Given her history for being an outspoken kind of celebrity and one who provokes (and sometimes also really inspires), is it any surprise at all that if a celebrity’s child might just stand out as a push against overwhelming trend it’d be one of Angelina Jolie’s kids? Shiloh has short hair and favors boys’ clothing. That’s the child born to Jolie and Brad Pitt, the one even as a baby all the slick magazines pronounced “gorgeous.”
Brian Palmer wrote a piece for Slate this week that was a history lesson about gender and clothing. I have to say, I was smiling when read things I know that so often don’t make it onto today’s radar screen, like boys wore pink and dresses and clothes weren’t always marketed so heavily by gender (and then, they were again).
Ever since my young teen was a baby, I’ve watched kids’ fashions become increasingly gender-coded. Companies I once adored, like Hanna Andersson with its signature stripes and bright colors that weren’t all pink and blue have changed. There are striped Hannas to be sure, but fewer these days with colors paired so obviously for boys and girls. There are many more flowers and such, fewer stripes. There are lots of girly cap sleeves and flares and boxy-fit boys’ pants. Fewer pages feature boys and girls together.
Back then, in my early parenting years, I wrote a piece about the wish for gender-neutral clothing. By the time I was writing about this, I was doing media critiques on kids’ clothing catalogues (and this was before Al Gore asked me—okay, not personally, but he asked me—to go to Catalogue Choice and opt out of receiving catalogues I don’t actually buy from or need). Here’s an observation from that piece: “One recent children’s clothing catalog described corduroy for girls as ‘soft as velvet,’ while the corduroy for boys was described as ’rugged, nearly indestructible.’ (The thread in both fabrics was exactly the same.)”

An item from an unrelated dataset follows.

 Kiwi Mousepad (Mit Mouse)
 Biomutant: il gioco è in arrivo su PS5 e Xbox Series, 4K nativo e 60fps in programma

Having raised three boys each in some way rocking the gender code, I’ve experienced frustration and wry amusement and general disgust with stringent gender codification. Try finding, for example, fun underwear for a toddler boy being pressured (for preschool entrance, don’t get me started) to move from out of diapers and fast to like this whole underpants idea when the toddler boy cares not one fig about trucks, superheroes, dinosaurs or sports of any kind. He likes fairies, the Wizard of Oz books, glittery things and flowers. Had he only been in this bind now, I’d have gotten him these Crankypants undies.
How many times have my boys been mistaken for girls? I couldn’t count. How many times have some of my boys’ friends been mistaken for boys? Again, their parents have similar stories. So, go Shiloh. Good on you. Let’s pull that Free to Be ethos from the 1972 mothballs and do two things: 1) revolutionize the kids’ clothing world into something more shareable and 2) have it become the norm that you don’t necessarily find not knowing a kid’s gender remarkable, because there’s more accepted room in the less extreme zone between rough and tumble and sugar and spice.

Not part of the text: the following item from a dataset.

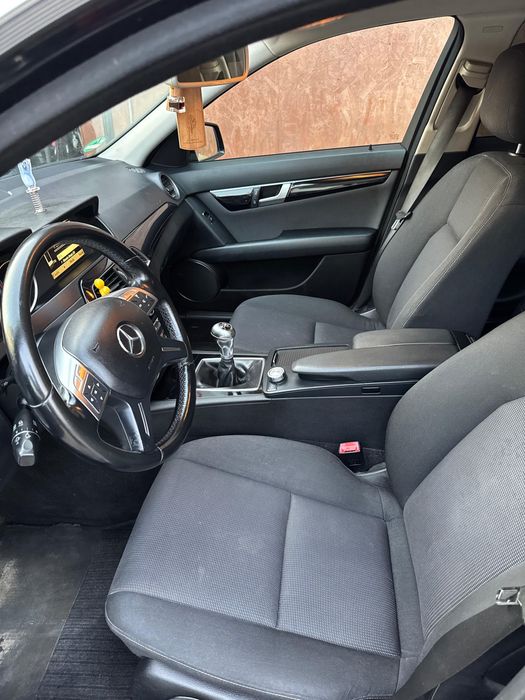 Vnad mercedes c clas 2,2 2012 E5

While I’ve written an entire essay ostensibly about girls’ swimsuits, this little essay was inspired by a photograph taken at the most wonderful preschool (sure, I’m biased) Sunnyside, where Saskia, whose mother had forgotten a swimsuit on a hot day wore these trunks outside so she could play in the wading pool and the sprinklers (and swing, because the swings are fun). My little girl, pretty long hair, penchant for too-big shoes—both Disney Princess sandals and brother’s outgrown Crocs—definite leaning toward pink and her Obama T’s and skirts, who sometimes brings a car to nap and other times a baby doll, this gal is a spitfire and she’s a fast runner and a heck of a spinner. If she so chooses, may she wear swim trunks for many years.